The new Amazon Go store. Image source: Amazon.

Indeed, the new store concept, dubbed Amazon Go, which has a network of cameras that detect what customers take off the shelves so it can charge them without them going though a checkout process, would seem to threaten the jobs of cashiers across the country, and there are a lot of them. According to the Bureau of Labor Statistics, there are nearly 1 million supermarket cashiers in the country, and 3.4 million cashiers across all of retail. 

But the notion that Amazon is "killing jobs" seems to be misguided for a number of reasons. 

Operating in industries that essentially did not exist before its founding 21 years ago, Amazon had 306,800 employees as of its third-quarter report, an increase of 38% from a year ago. By entering disruptive, potentially "job-killing" industries like e-commerce, e-books, and even video streaming, Amazon is becoming one of the country's largest employers. By comparison, Costco (NASDAQ:COST), the leading warehouse retailer -- with revenue nearly equal to Amazon -- employs just 117,000 people. From an employment perspective, Amazon offers a much better model, and through externalities, Amazon helps employ thousands of other Americans, like vendors who sell on its marketplace and delivery truck drivers tasked with delivering the approximately 1.6 million packages it ships a day.  

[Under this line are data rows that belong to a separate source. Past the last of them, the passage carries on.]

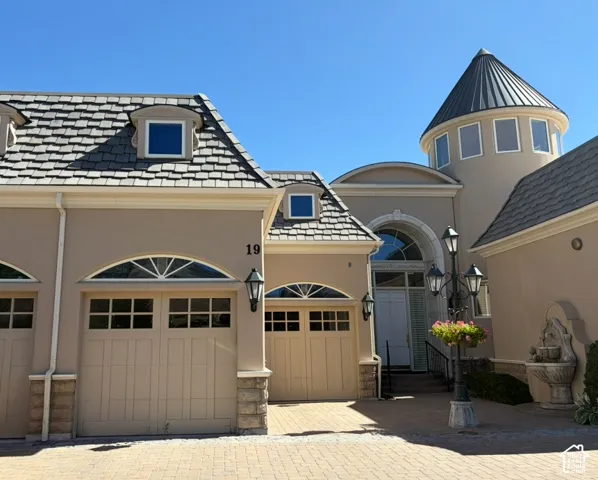 Stucco exterior featuring a prominent turret with a conical roof and multiple windows
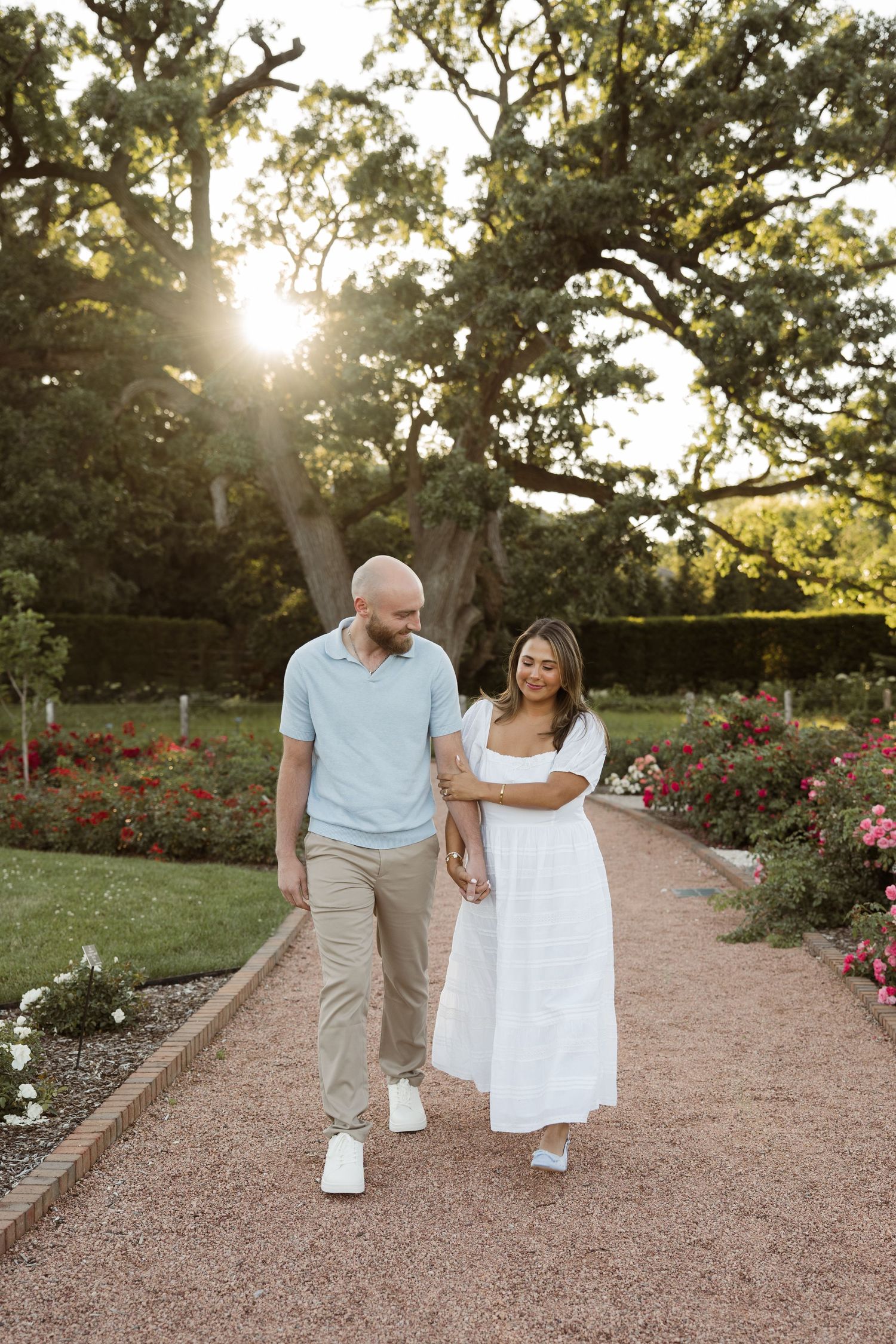 Couple walking hand in hand through rose garden path at golden hour during outdoor engagement session.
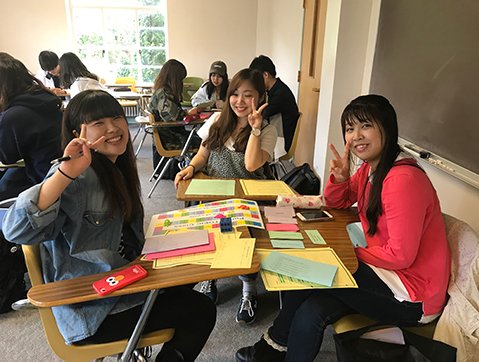 3 auap students sit in a classroom doing an art project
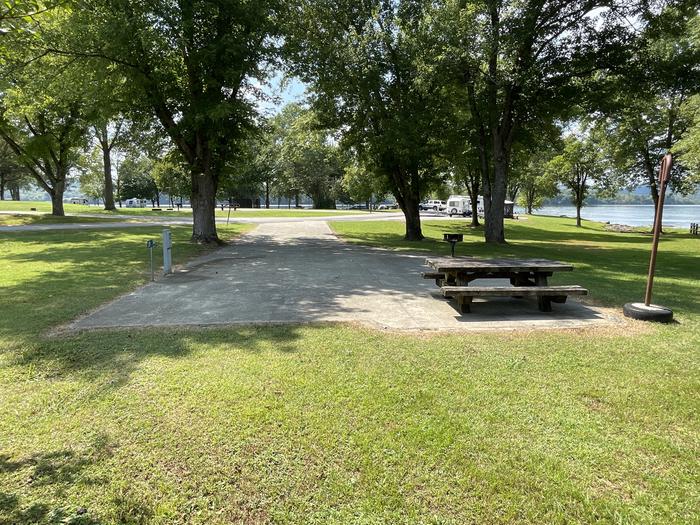 A photo of Site 006 of Loop LAKE at DEFEATED CREEK PARK with Picnic Table, Electricity Hookup, Fire Pit, Shade, Lantern Pole, Water Hookup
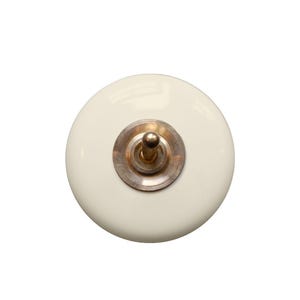 Op de afbeelding: Een ronde, gebroken witte keramische kastknop met een gladde, glanzende afwerking. Het midden is voorzien van een cirkelvormige metalen basisplaat in een gedempte messingkleur, rondom een kleine, uitstekende metalen pin in het midden.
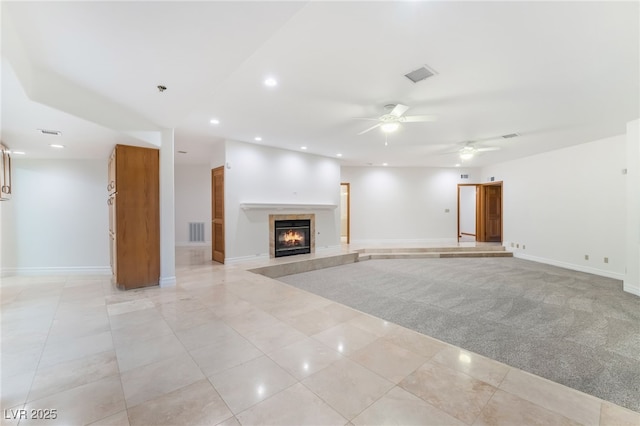 unfurnished living room featuring ceiling fan, a fireplace, and light carpet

Amazon also plans to hire 120,000 temporary workers this holiday season. After last year's holiday hiring surge, it kept 14,000 of its seasonal workers on as full-timers. 

Jobs aren't easy to predict

It seems like a simple conclusion that the effect of a store concept like Amazon Go would be to eventually eliminate cashiers' jobs, but it's far from a foregone conclusion. Amazon has just started beta testing its store, so it's too soon to even say if such a model will go national, but technology that automates order-taking and payment is not new. Automated checkouts have been around for more than 20 years, but have not gone fully mainstream because they are prone to difficulty, in part because they are designed to prevent shoplifting -- something a human does much better than a machine.  

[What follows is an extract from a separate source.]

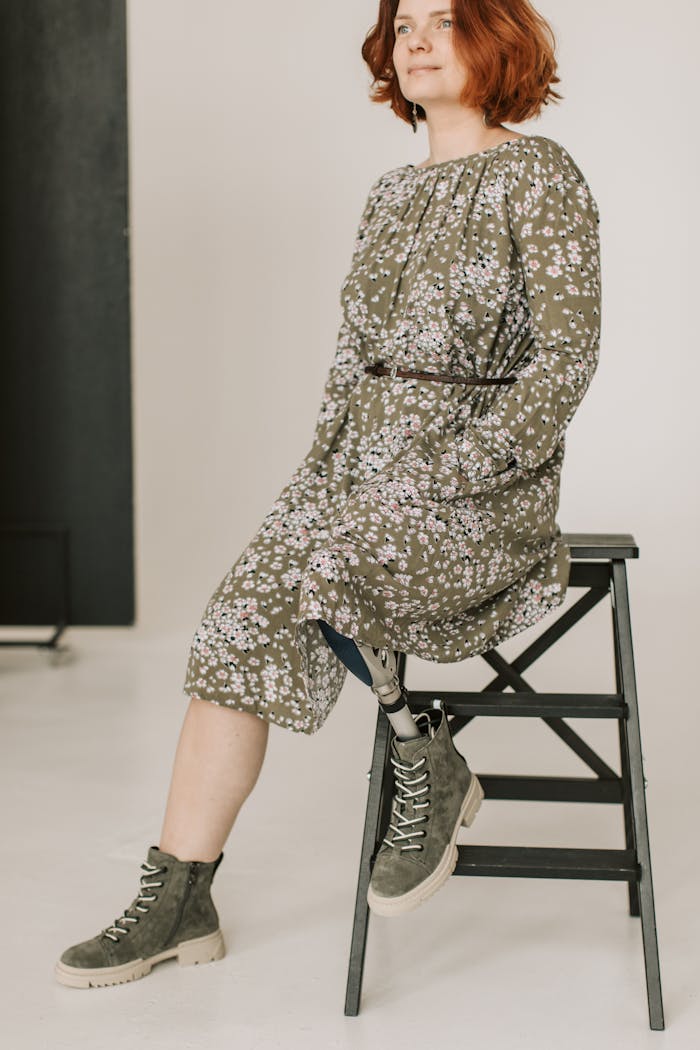 Woman with a prosthetic leg sitting confidently in floral dress on stool.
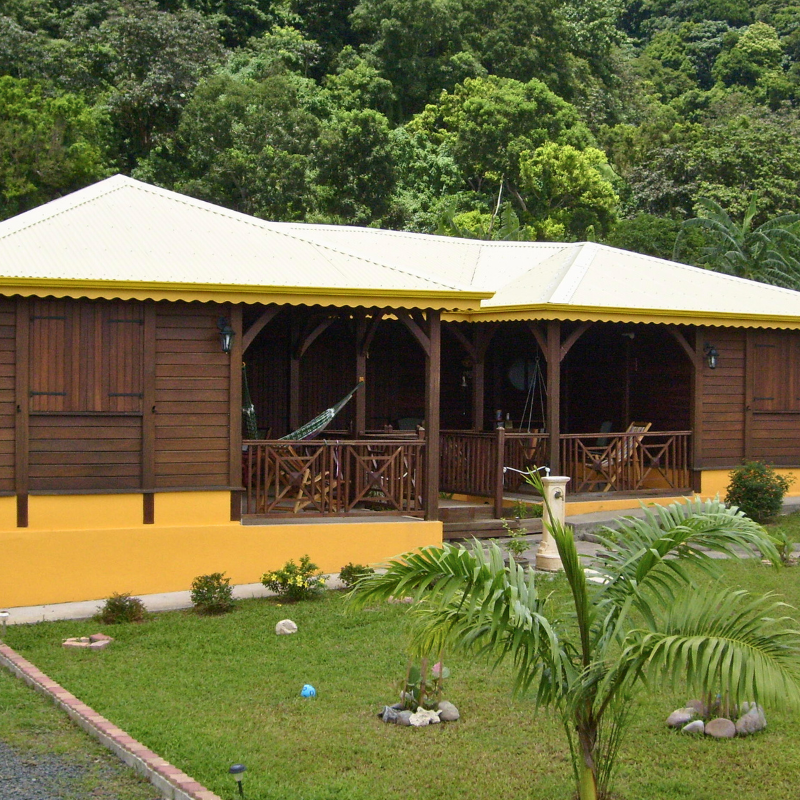 Vue extérieure de la Villa Jerent, une construction en bois avec une grande terrasse couverte.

Restaurants like McDonald's have begun installing kiosks for customers to place their orders and pay, but those have mostly served as alternatives for customers when lines get too long rather than as a replacements for cashiers. 

Seen from one perspective, Amazon's "Just Walk Out" technology is a response to other retailers who have neglected the customer experience by not hiring enough cashiers and often forcing customers to wait in long lines to check out and pay. A savvy response from a rival like Wal-Mart might be simply to hire more cashiers, thereby making its checkout experience less burdensome.

In other industries that have seen similar automation, the narrative didn't always go according to expectations. The spread of ATM's may offer the best corollary. Before the advent of cash machines, you had to speak with a human teller in order to take your money out of a bank. But while ATM's have obviated the need for tellers to handle that task, they also helped spur a proliferation in bank branches, meaning the total number of tellers increased even though tellers per bank fell.  

Another effect of automation is that front-line workers are often retrained for sales purposes, another thing humans still do much better than machines. According to the Bureau of Labor Statistics, the number of jobs requiring "interactions" has increased by 10 million over the last 15 years, while jobs based on transactions and production have fallen by almost 3 million in that time.

Bank tellers, for instance, now pitch credit cards, secondary accounts, and mortgages. New York's subway system replaced 600 token clerks with kiosks, but redeployed the people to be "subway concierges," among other roles. 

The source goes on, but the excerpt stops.